First, let me apologize. As the school year started up, I have been all over the place with both consulting work and my own children starting school (my son, Sam, just started Kindergarten a few weeks back …needless to say it has been a BIG transition for all of us). I am going to try my hardest to stay more up to date on my posts from now on.
I have been traveling to numerous schools this September and helping teachers to set up their classrooms for the most effective, engaging and efficient Writing Workshop they can imagine. I have been working with administrators to devise checklists of the “musts” when starting off the year with the goal in mind of, “Building a Community of Writers”. This phrase is really multifaceted as it encompasses many different elements of teaching and learning about writing. When I think of “Building a Community of Writers” I think of two questions that we might ask of ourselves in helping to start the year off strong:
Number 1: What does it mean to become a writer? Questions like, “From where do writers get their ideas? “, “What inspires writers?” and “What does writing mean to you?”
Number 2: What classroom routines, rules and management ideas do I need in place to help my students and myself make the time in Writing Workshop the most valuable it can be? Questions like, “What if students need help and I am in a writing conference with another student?”, “What should students do when they think they are done?” and “What happens in a writing conference?”
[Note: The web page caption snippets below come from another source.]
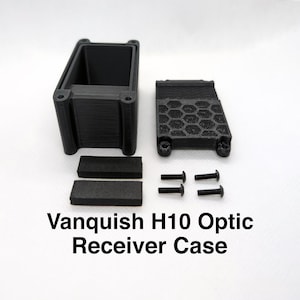 Pode incluir: Caixa de plástico preta com um padrão de favo de mel na parte superior, duas almofadas de espuma e quatro parafusos. A caixa está etiquetada "Vanquish H10 Optic Receiver Case".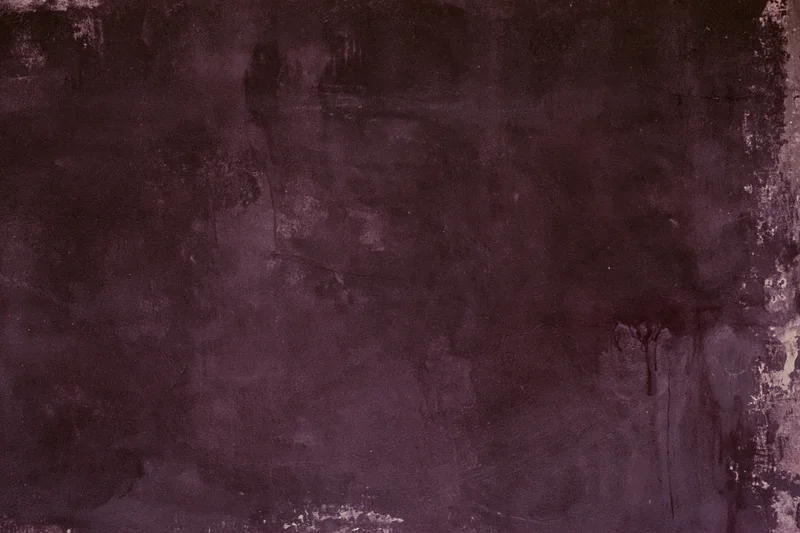Weathered concrete wall surface with dark purple and gray stains and cracks filling the frame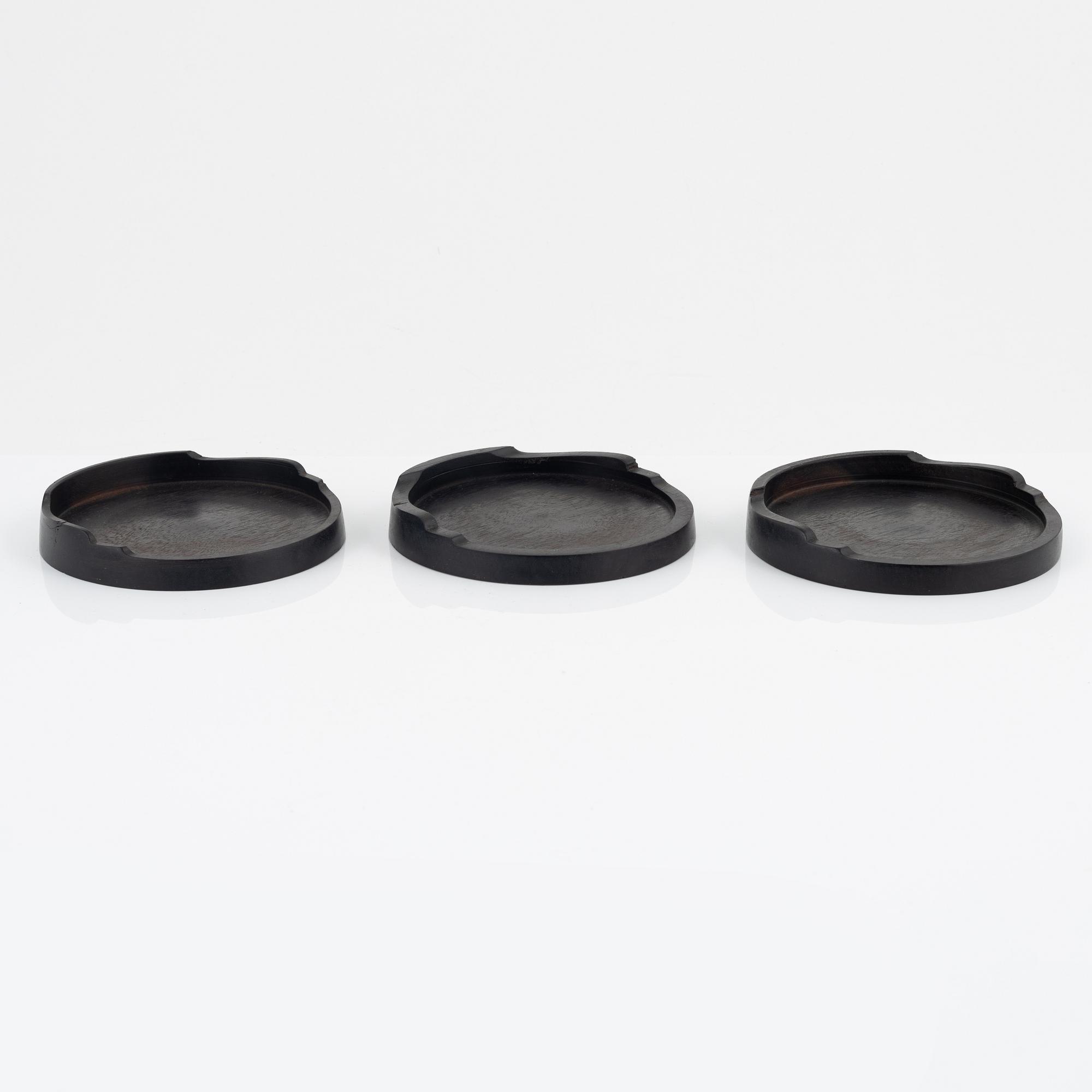Magnus Ek, a set of five ebony coasters for Oaxen Krog.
I have learned that when it comes to hanging charts in my classroom, less is actually more. It is strange for me to say that when I have about 200 laminated charts in my basement right now from my own classroom’s Reading and Writing Workshop! I do use many of them when I speak at workshops or conferences, but I don’t want to part with them because they have become a part of my teaching history. Yet, as I learn more, see more and reflect more I have come to realize that walking into a classroom plastered with posters on the walls (even when they are so neatly written in colorful marker!) can be a distraction to the students, especially our youngest writers. That when creating posters, we have to think about the two questions above and then ask, “Why?” How will this chart help my students to become a stronger and more independent writer? How will this chart help me to be a more effective and efficient teacher? What is the purpose? If you can’t answer the question or it’s just to “make the room like nice” it probably doesn’t need to be up there.
I like charts that communicate to those walking into your classroom that we are “Building a Community of Writers” and writers need tools to be successful. And these charts, similar to our notebooks, pencils, sticky notes and highlighters, are a tool that helps to move us forward in our writing journey.
Below are some of the charts I have collected from schools across the country that answer the questions above. Please realize that these charts are from different grades, different schools and different teachers. Please feel free to comment, share your own “favorite” charts to start the year off right or share these with colleagues and borrow the ideas. ENJOY!
Author Posters gives students a sense that writers are real people just like them! Include a photo, other books published (including the mentor texts you'll use during the unit of study), great quotes about writing and information about their lives. Or... have older students work in groups to create the posters together as a research exercise and let them present their poster to the class.
A "Writing Process" or "Status of the Class" chart allows students, visitors, administrators and parents to know where you are in the writing process, where you're headed and that meaningful writing takes great time and care.
'Rules, Routines and Responsibilities" charts are always good to set the standard of what happens during workshop time and conferences.
These charts are a HUGE help to manage your students who are not conferring with you. It keeps them focused on the writing task and helps them to become more independent without drifting into a chat with a friend about soccer, pulling on your shirt for help or forming the dreaded LINE at your desk.
Just some favorites that explain why writing is so important and the impact it makes in the lives of our students, ourselves and our world.